Sarkisian Downbeat On Turkish-Armenian Normalization

Armenia -- President Serzh Sarkisian (R) meets with prominent members of France's Armenian community in Paris, 10 March 2010.

President Serzh Sarkisian has suggested that Turkey will not unconditionally normalize relations with Armenia anytime soon and again threatened to annul the universally welcomed agreements signed by the two nations last October.

In an interview with the French daily “Le Figaro” published on Thursday, Sarkisian also warned that Ankara’s reluctance to ratify them is swelling the ranks of Armenians opposed to his conciliatory policy on Turkey.

“Our desire to establish normal relations is great,” he said. “However, recent statements from Turkey make me think that they will not ratify the protocols in the foreseeable future.

“We had warned that if we become convinced that the Turks are using the normalization process for other purposes we will take appropriate steps. In that case, we will withdraw our signature from the protocols.”

According to Sarkisian, the two governments agreed to put the protocols into practice “within a reasonable time frame and without preconditions” when they inked the deal in Zurich in October 2009. “We have said that Armenia would ratify the protocols immediately after their ratification by Turkey,” he said. “And yet Turkey keeps putting forward preconditions for their ratification, the most important of them relating to Nagorno-Karabakh.”

Sarkisian again avoided setting any deadlines for the Turkish ratification.
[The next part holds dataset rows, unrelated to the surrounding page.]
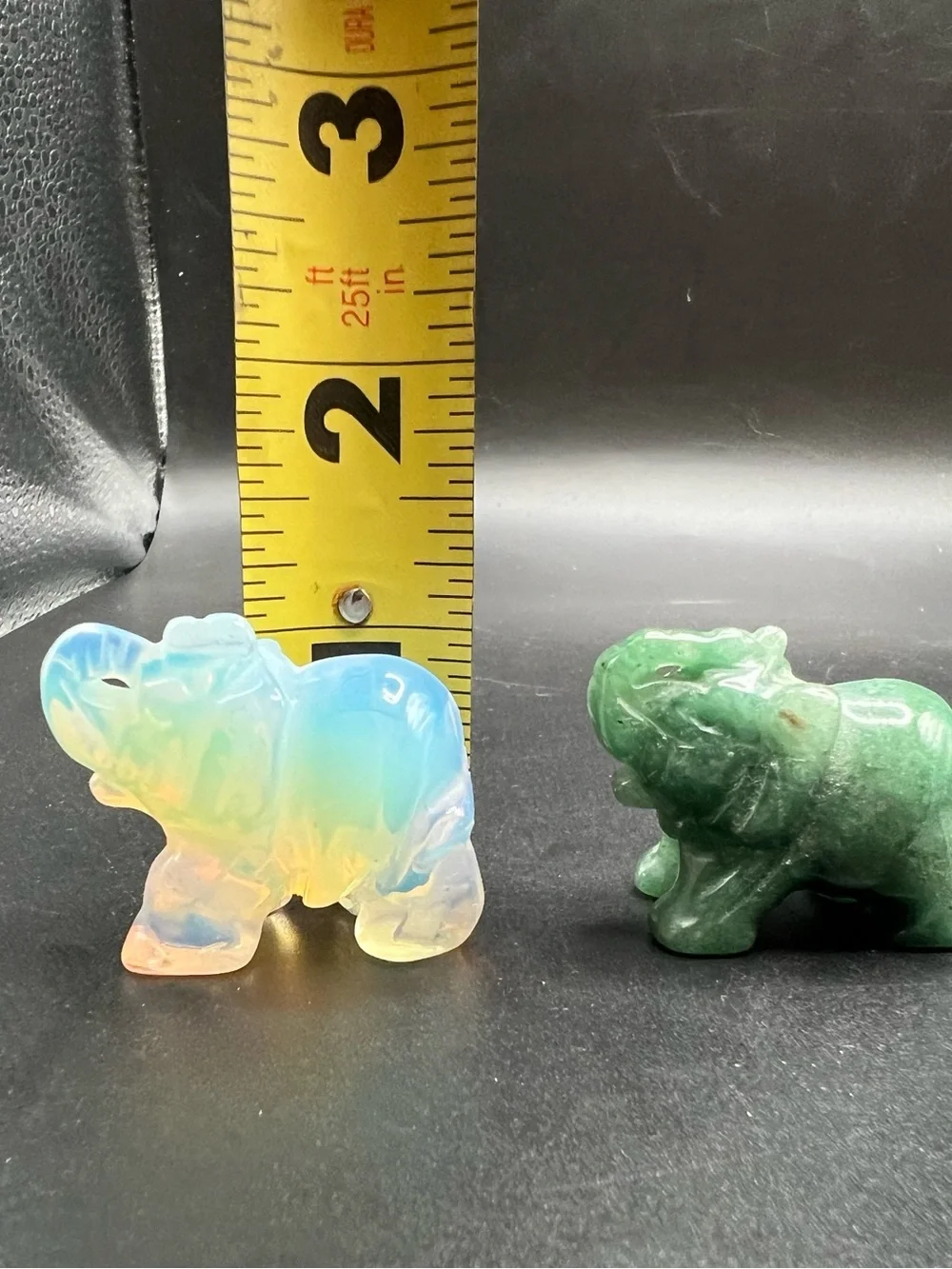 Lot of 2 Carved Stone Elephant Figurines Opalite & Green Aventurine Crystal 1.5”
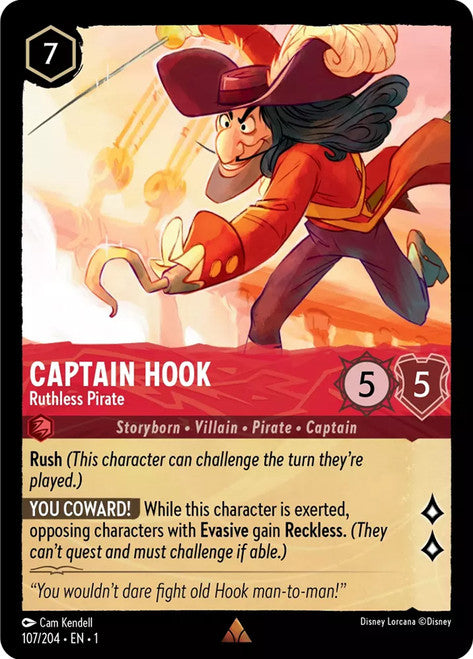 Carta Captain Hook - Ruthless Pirate,Set The First Chapter, Número de Tarjeta 107 , Color Ruby, Rarity Rare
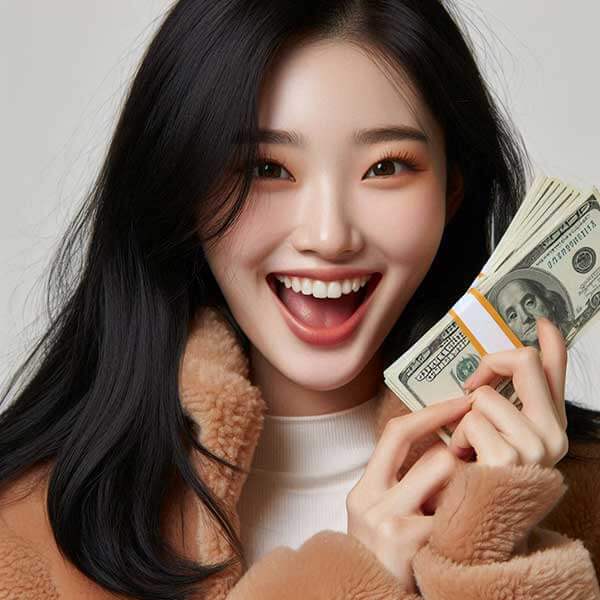 많은 돈을 들고 기뻐하는 여성 이미지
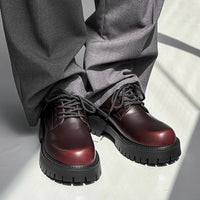 Men's Genuine Leather Platform Derby Shoes - Waterproof Casual Loafers
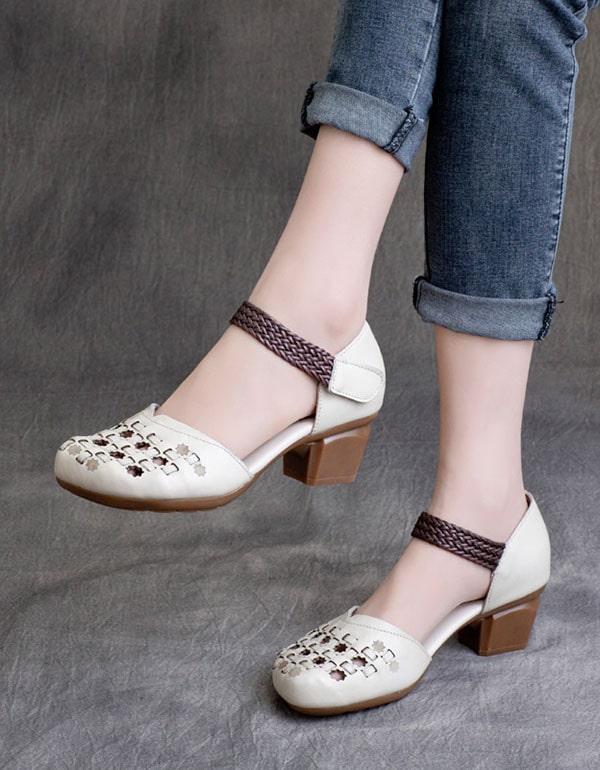 Spring Retro Leather Handmade Woven Chunky Sandals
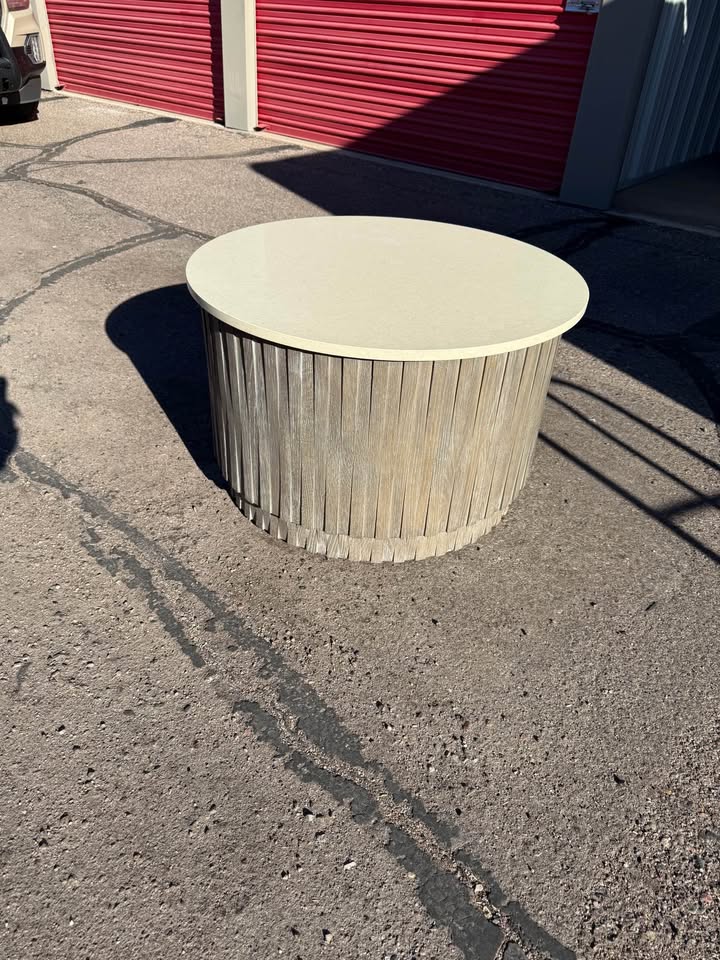 Indoor Outdoor Travertine Table on Wheels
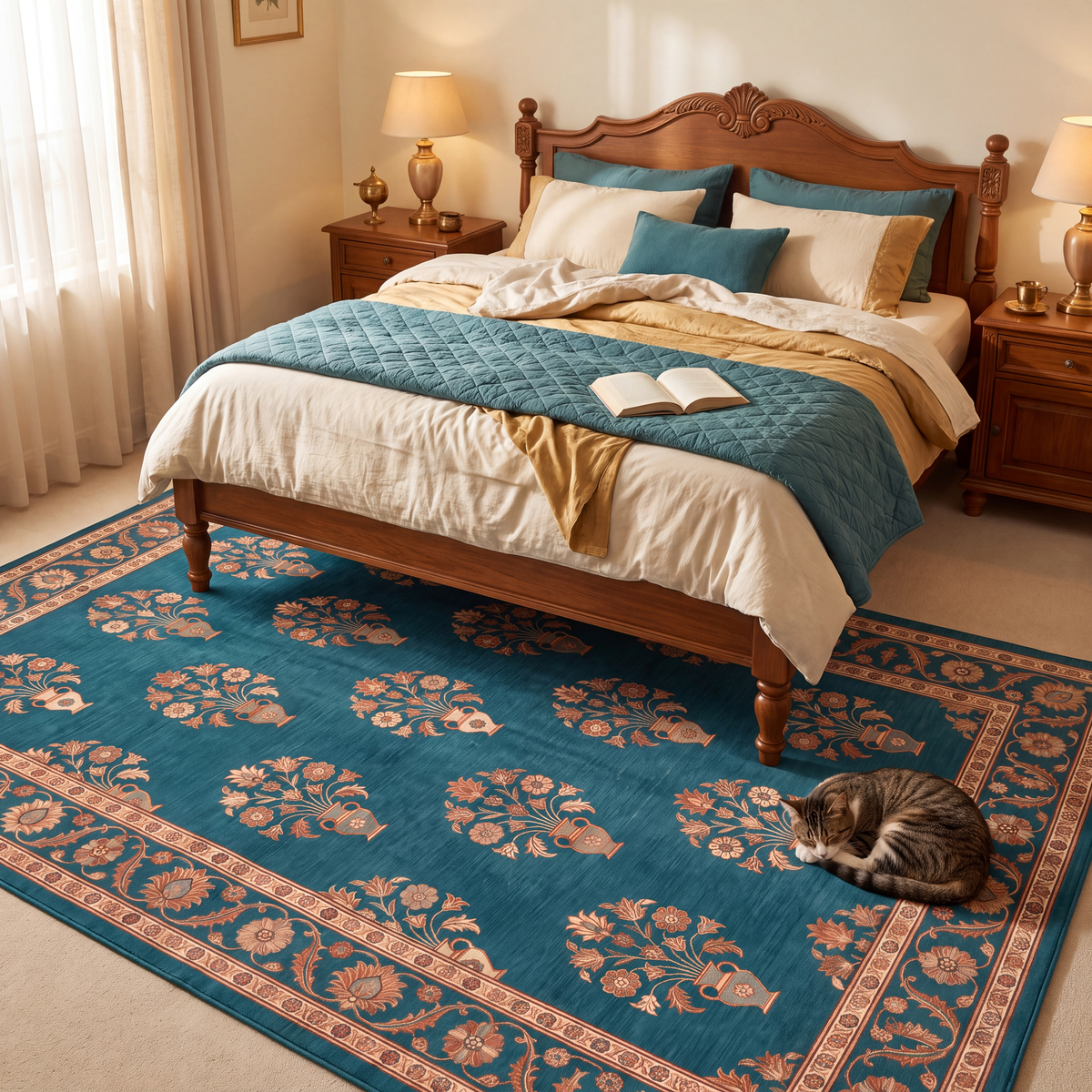 The rug at the foot of a bed with a cat asleep on it.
Officials from his administration implied earlier that the Turkish leadership has until the end of March to endorse the agreements or face their unilateral repeal by Armenia. However, the latest indications are that Yerevan is ready to wait at least until the April 24 annual commemoration of the start of the mass killings and deportations of Armenians in the Ottoman Empire.

U.S. President Barack Obama is due to issue a statement on the occasion, and Ankara hopes that he will again stop short of calling the extermination of more than one million Ottoman Armenians a genocide. Obama avoided using the politically sensitive word last April, citing the need not to undermine the ongoing Turkish-Armenian rapprochement.

Just two days before that statement, the Armenian and Turkish foreign ministries announced that they have worked out a “roadmap” to completing the normalization process. Sarkisian was accused by his political opponents in Armenia and its Diaspora at the time of willingly helping Obama backtrack on a campaign pledge to recognize the Armenian genocide.

Sarkisian told “Le Figaro” that his Turkish policy has caused “a great deal of concern among Armenians around the world.” “As a result of the dragging out of the normalization process, the number of [Armenian] supporters of the protocols is increasingly dwindling,” he warned.

The Armenian leader also reaffirmed Yerevan’s strong support for the passage of a U.S. congressional resolution recognizing the Armenian massacres as genocide. “But the U.S. Congress and State Department hardly make decisions based on our views or wishes,” he added.